El pueblo unido jamás será vencido

The people united will never be defeated!

Monday, March 31 is observed as Cesar Chavez Day, at least in the states of California, Texas, Arizona and Colorado. It is the first and only holiday in the United States to honor the legacy of a Mexican American. And unfortunately, it is a holiday that many pubic school districts in these four states chose not to observe, much less teach their students about—especially sad in the Los Angeles School Unified School District, which has a considerable Latino student population.

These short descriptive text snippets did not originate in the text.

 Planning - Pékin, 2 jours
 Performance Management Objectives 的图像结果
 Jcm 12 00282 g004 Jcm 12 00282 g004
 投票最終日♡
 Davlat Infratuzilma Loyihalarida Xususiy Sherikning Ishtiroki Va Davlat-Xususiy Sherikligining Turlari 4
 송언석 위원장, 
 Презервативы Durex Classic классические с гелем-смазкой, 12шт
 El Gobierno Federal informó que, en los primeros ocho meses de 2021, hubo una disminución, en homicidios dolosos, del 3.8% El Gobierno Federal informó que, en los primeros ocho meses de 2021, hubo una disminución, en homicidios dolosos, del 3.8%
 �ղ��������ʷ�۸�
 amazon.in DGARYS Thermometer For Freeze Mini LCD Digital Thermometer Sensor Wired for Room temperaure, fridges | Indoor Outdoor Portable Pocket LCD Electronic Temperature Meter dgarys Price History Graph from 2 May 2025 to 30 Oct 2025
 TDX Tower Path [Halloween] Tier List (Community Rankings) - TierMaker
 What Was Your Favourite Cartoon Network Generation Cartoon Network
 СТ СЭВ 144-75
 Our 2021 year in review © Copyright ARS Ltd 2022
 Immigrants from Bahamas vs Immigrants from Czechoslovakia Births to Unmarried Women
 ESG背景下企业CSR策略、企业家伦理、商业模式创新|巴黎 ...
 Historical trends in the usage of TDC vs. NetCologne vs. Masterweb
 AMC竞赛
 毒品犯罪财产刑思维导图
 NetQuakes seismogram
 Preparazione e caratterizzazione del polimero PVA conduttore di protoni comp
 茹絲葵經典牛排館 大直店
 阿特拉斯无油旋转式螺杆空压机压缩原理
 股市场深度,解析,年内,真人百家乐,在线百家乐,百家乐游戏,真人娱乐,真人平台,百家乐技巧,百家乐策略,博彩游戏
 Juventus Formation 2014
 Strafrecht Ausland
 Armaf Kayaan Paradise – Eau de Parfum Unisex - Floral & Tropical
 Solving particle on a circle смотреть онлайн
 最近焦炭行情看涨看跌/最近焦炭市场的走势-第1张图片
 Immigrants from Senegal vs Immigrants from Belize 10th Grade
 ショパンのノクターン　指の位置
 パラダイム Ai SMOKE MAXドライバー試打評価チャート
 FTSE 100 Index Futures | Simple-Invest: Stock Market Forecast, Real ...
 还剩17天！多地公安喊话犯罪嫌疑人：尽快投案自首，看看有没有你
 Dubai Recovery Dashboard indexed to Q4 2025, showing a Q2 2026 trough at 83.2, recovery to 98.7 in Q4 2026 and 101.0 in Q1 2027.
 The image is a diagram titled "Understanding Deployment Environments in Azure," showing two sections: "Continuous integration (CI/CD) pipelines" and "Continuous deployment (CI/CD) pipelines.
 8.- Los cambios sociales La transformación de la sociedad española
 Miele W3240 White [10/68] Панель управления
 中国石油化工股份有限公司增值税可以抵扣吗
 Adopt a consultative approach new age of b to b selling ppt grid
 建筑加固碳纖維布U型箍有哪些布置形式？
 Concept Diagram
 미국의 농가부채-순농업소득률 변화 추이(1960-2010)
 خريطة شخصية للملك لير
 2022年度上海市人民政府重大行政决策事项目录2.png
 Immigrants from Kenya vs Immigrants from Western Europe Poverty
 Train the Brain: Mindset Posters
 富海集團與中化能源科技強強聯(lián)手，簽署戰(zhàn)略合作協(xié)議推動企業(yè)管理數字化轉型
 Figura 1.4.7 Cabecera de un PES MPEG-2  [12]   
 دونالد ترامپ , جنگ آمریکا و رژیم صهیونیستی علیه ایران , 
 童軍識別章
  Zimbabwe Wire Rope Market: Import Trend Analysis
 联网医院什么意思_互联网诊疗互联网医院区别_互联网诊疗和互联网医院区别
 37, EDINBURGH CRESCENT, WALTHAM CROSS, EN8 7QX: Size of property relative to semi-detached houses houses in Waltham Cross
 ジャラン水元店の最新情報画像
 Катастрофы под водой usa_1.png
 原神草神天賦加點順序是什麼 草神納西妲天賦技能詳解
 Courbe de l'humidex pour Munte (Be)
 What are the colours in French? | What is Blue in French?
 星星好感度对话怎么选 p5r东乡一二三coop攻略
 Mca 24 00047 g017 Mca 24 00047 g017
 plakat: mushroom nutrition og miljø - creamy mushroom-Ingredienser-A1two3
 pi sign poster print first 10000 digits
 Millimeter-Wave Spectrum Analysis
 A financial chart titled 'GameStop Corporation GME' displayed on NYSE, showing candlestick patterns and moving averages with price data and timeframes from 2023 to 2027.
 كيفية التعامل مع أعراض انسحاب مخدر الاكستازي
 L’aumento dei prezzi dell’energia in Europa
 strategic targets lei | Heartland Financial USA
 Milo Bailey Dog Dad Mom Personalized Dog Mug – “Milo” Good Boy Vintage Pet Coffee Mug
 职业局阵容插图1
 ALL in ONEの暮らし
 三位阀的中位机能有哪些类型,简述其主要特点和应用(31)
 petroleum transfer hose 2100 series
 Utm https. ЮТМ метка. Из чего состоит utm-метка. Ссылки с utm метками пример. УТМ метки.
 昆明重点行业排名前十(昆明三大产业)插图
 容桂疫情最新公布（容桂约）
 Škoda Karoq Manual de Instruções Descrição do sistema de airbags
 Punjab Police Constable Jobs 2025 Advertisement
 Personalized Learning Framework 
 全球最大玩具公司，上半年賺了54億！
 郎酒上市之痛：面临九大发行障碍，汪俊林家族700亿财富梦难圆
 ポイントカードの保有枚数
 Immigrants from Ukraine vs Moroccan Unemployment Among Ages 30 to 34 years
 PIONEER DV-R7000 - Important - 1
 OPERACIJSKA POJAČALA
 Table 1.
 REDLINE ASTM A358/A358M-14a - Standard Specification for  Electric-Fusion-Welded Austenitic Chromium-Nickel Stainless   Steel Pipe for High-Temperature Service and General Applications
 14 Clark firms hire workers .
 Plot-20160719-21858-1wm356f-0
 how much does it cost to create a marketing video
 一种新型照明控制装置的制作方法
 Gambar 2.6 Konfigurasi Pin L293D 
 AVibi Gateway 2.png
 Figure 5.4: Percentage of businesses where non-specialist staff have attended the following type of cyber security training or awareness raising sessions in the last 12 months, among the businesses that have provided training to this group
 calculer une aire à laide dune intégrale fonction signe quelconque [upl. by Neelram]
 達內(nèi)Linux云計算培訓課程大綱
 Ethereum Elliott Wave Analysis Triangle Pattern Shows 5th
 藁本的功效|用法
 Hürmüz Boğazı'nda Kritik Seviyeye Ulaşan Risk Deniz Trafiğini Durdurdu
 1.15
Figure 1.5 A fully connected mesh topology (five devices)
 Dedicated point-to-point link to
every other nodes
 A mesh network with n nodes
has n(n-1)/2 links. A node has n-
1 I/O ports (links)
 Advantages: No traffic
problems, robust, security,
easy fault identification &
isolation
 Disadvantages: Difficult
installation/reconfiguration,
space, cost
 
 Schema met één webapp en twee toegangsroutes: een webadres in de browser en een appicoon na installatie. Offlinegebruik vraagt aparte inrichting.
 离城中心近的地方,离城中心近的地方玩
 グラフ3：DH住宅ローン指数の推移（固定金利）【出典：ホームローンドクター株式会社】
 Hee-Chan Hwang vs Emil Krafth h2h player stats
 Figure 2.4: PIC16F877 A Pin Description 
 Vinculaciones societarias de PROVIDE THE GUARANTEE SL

I first learned about Cesar Chavez in my first year in high school. I would love to say that I learned about his civil rights activism, approaches to nonviolent resistance, and campaign for labor rights through some cool, hip teacher fighting the monotony of high school education books. But, that was not the case. I learned about the United Farm Workers, Dolores Huerta, the Delano grape fruit boycott, and Cesar Chavez's approaches to nonviolent resistance through an array of library books I devoured over the course of the summer. By the time I had returned to school, I had written what I thought was one bad ass research paper on his legacy, which earned me a top grade in the class. Not bad for my growing nerd status.

Celebrate Cesar Chavez Day this weekend. Click here to learn more about his work as an activist. March this weekend in the recognition of his life's work, click here to find an event near you. And sign this petition to transform Cesar Chavez Day into a national holiday.

By the way, Cesar Chavez didn't do it alone. Let's not forget Dolores Huerta's work as co-founder of the United Farm Workers and her continued activism for civil rights.


Morose said...

nor can we forget philip vera cruz and other non-latino farm workers.

Gee said...

Yes! great point, morose! Filipino labor leaders, such as Philip Vera Cruz, played a pivotal role in the Delano grape strike, which helped build the farm workers movement and the UFW.